To date, the bet on Myanmar appears to have paid off, and if the communist regime in Cuba survives, it will clearly be very different than if the embargo had been maintained. Iran is more uncertain and the deal badly strained U.S. relations with Israel, but on the whole the agreement required substantial political courage and will hopefully represent one of the administration’s biggest accomplishments.

What about Asia? It should be counted as a plus that the president simply stated the obvious: that engagement with Asia is ultimately more consequential for the U.S. than the Middle East, where reliance on oil is gradually diminishing. If we do not see similar headline deals, the accomplishments are nonetheless quietly real: negotiation — but not ratification — of the Trans-Pacific Partnership, closer ties with Southeast Asia and India, and strengthened alliances with Japan and Korea, despite absence of progress with North Korea on the nuclear front.

The big uncertainty remains the state of the U.S.-China relationship. Obama’s pivot to Asia is wrongly confused with an effort to contain the country. Yet meaningful engagement with China was included in the very definition of the pivot. Much of what can be achieved with China at the moment hinges not on the United States but on unfortunate developments within China itself: a more authoritarian style of rule at home and a more assertive foreign and military policy in the South China Sea. Yet the Obama administration has neither overestimated nor underestimated the challenges China presents and has been rewarded with a subtle re-embrace from Asian capitals.

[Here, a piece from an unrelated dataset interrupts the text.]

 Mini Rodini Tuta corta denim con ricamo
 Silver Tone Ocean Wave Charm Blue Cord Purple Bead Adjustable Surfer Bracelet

In sum, the legacy of the Obama administration reflects not only his choices but changes in both domestic politics and in America’s global role. Reflecting a public weary of foreign entanglements, Obama has restrained American military engagements. But he has done so while pursuing robust regional diplomacy, including in Asia, engaging with adversaries, and pushing on the most significant issue of our era: climate change. He has spoken eloquently on the fact that the people of the Middle East must ultimately solve their own problems. This may sound like a modest set of accomplishments, but restraint is not a small virtue for a major power. Let’s hope his successor learns the lesson.


*The author is Krause Distinguished Professor at the Graduate School of University of California in San Diego.